Por outro lado, os ministros André Mendonça e Edson Fachin votaram pela manutenção das regras existentes, que impedem a responsabilização direta das redes. Para Gilmar Mendes, o Artigo 19 tornou-se “ultrapassado”, e a regulamentação das redes sociais não representa uma ameaça à liberdade de expressão. Cristiano Zanin considerou o dispositivo inadequado para proteger os direitos fundamentais, transferindo aos usuários o ônus de acionar o Judiciário em casos de postagens ofensivas e ilegais. Luiz Fux e Dias Toffoli defenderam a possibilidade de exclusão de postagens ilegais por meio de notificações extrajudiciais, ou seja, pelos próprios atingidos, sem a necessidade de uma decisão judicial prévia.
Luís Roberto Barroso argumentou que a ordem judicial é necessária apenas para a remoção de postagens que envolvam crimes contra a honra, como calúnia, difamação e injúria. Em outros casos, como publicações antidemocráticas e terrorismo, ele defendeu que a notificação extrajudicial seria suficiente para a remoção do conteúdo, cabendo às redes sociais o dever de cuidado na avaliação das mensagens que violem suas políticas de publicação.
Casos Concretos e Implicações Futuras
O STF julgou dois casos concretos relacionados ao Marco Civil da Internet que chegaram à Corte por meio de recursos. Um deles, relatado pelo ministro Dias Toffoli, questionava a validade da regra que exigia ordem judicial prévia para a responsabilização dos provedores por atos ilícitos. O caso envolvia um recurso do Facebook contra uma decisão judicial que o condenou por danos morais devido à criação de um perfil falso de um usuário. O outro processo, relatado pelo ministro Luiz Fux, discutia se uma empresa que hospeda um site na internet deve fiscalizar conteúdos ofensivos e removê-los sem intervenção judicial, a partir de um recurso do Google.

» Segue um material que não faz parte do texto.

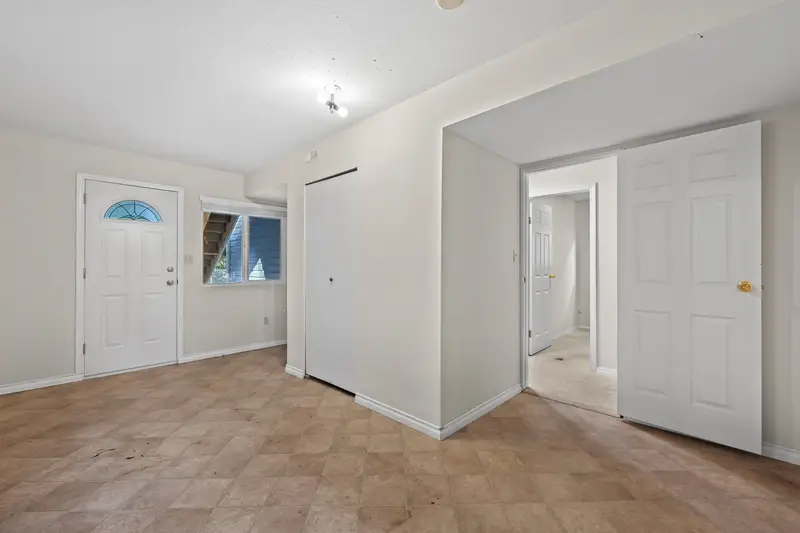 4125 LYNN VALLEY ROAD - photo 2 of 25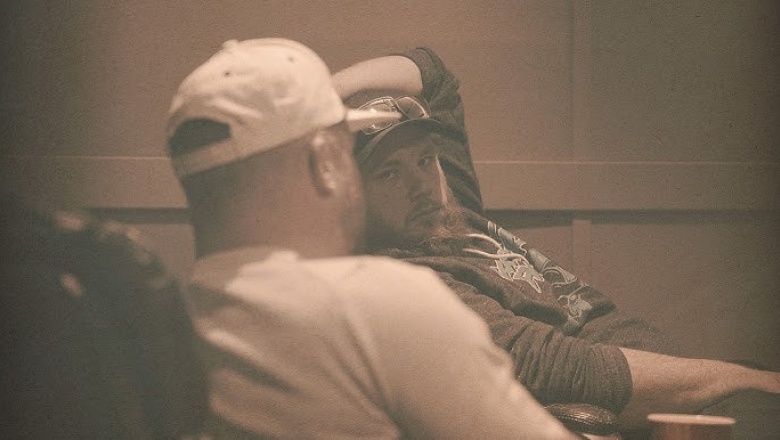 Cody Johnson y Luke Combs apuestan por sus raíces country en “Shoot The Bull”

Em conclusão, a decisão do STF representa um marco na regulamentação da internet no Brasil. A partir de agora, as redes sociais terão um papel mais ativo na moderação de conteúdo e poderão ser responsabilizadas por falhas nessa moderação. Essa mudança busca equilibrar a liberdade de expressão com a proteção de outros direitos fundamentais, como a honra, a dignidade e a segurança. Resta agora aguardar a aprovação de uma nova legislação que trate do tema de forma mais abrangente e específica.